Understanding how Grouping
works is important before moving on to use the Scoobi libraries. This is because the libraries use the grouping in order to determain how values are grouped. While normally the defaults are very sane, in some case they may not be what you want. For instance, if you're doing a full outer join, where you're grouping based on an Option[T]
it is quite likely you would not None
s to be grouped (and cartesian product expanded) together. So to do this, you would specify a Grouping implicit that will make two None
's not group together.
In the future, this will be more explicit and some convience ones will be provided for you out of the box.
Often you two collections, and would like to collate them somehow. While you might expect the logic to be around a DList[A]
, with a DList[B]
and predicate (A, B) => Bool
to create DList[(A, B)]
-- it would not be possible to do (remotely) efficiently in this manner, and be rather cumbersome. So instead our join code is structured around having a DList[(K, A)]
and a DList[(K, B)]
where the K
has to have an Ordering
available (a requirement for DList.groupByKey
)
From this, you generally end up with a DList[(K, (A, B)]
.
In addition to a normal (equi)join, often you want to do something for a K
when theres no corresponding values in the left (A
) or right (B
) DList.
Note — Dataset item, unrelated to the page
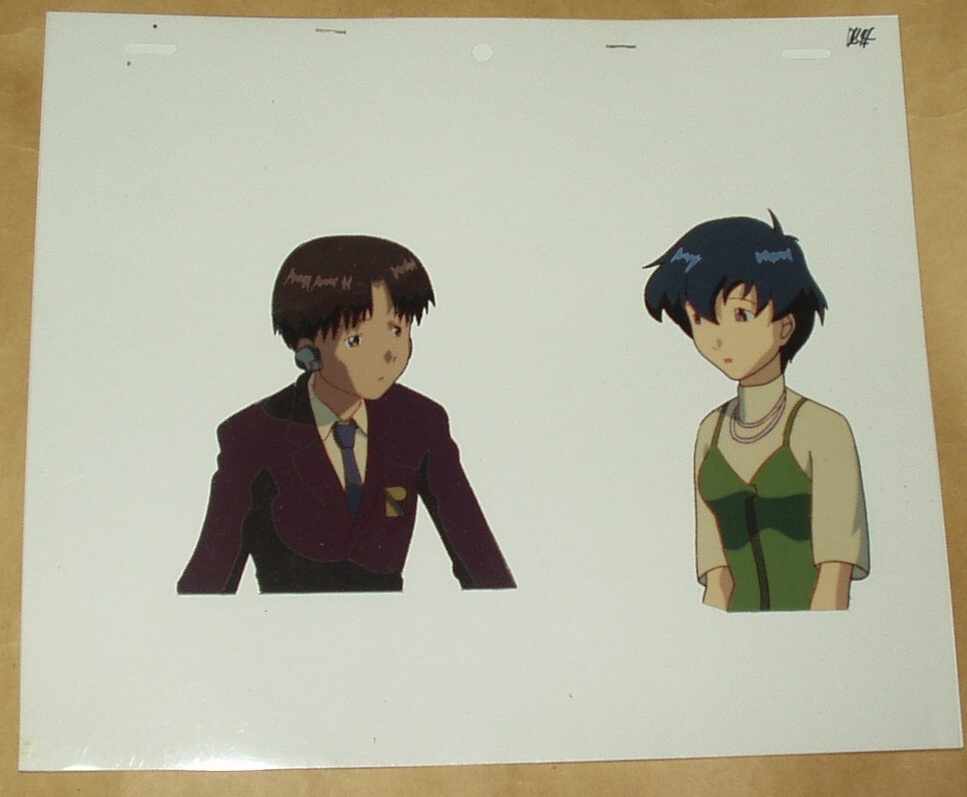  Mugen no Ryvius Sunrise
This forms the basis of left, right, inner and outter joins. See: wikipedia for an almost tutorial like walkthrough of the different join types.
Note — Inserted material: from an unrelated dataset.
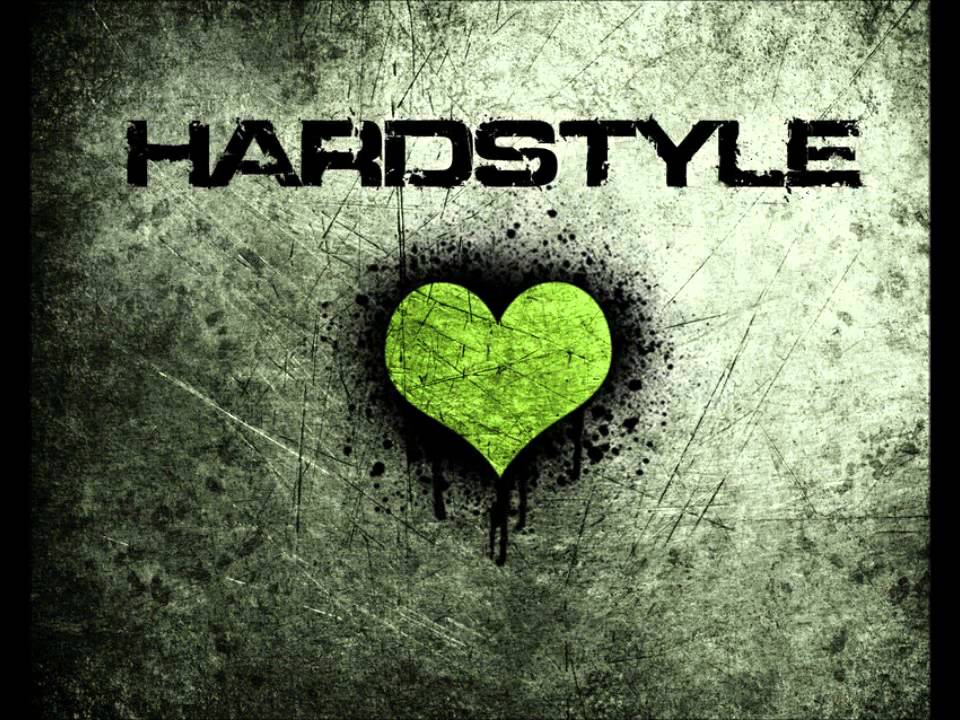 Hardstyle Mafia - 24 Hours (Cut Version)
Sometimes when dealing a DList[(K, (A, B)]
where there's multiple K's, its easier to work with in the form DList[(K, (Iterable[A], Iterable[B]))]
where each K is unique. If this is what you need, it's a lot more efficient to use CoGroup
then a relational join, followed by a .groupByKey
DMatrix[Elem, V]
provides you with a distributed matrix currently backed by a coordinate oriented DList ( DList[((Elem, Elem), V)]
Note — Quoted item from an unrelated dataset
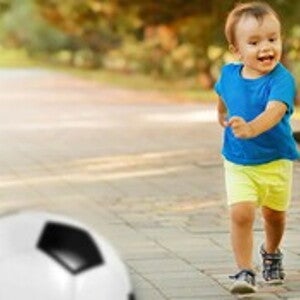 31 month old toddler development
) which makes it ideal for storing huge sparse matrixes. When multiplying by vectors that can fit in memory, it often makes sense to convert it to a RowWise or ColWise matrix and use it from there. There are implicit conversions that can happen, but remember the conversion isn't cheap -- so try save the result if you're going to keep using it (e.g. doing an iterative algorithm with the same matrix)
DVector[Elem, V]
is in the same spirit of a DMatrix, it's backed by a coordinate form DList ( DList[(Elem, V)]
) ideal for huge and spare vectors.
InMemVector[Elem, V]
and InMemDenseVector[V]
are for vectors that can fit into memory. They are based around a DObject
which means a copy gets efficiently sent to each mapper. For things like Matrix by Vector operations, this can result in a huge speedup. The obvious catch is, they need to fit into memory.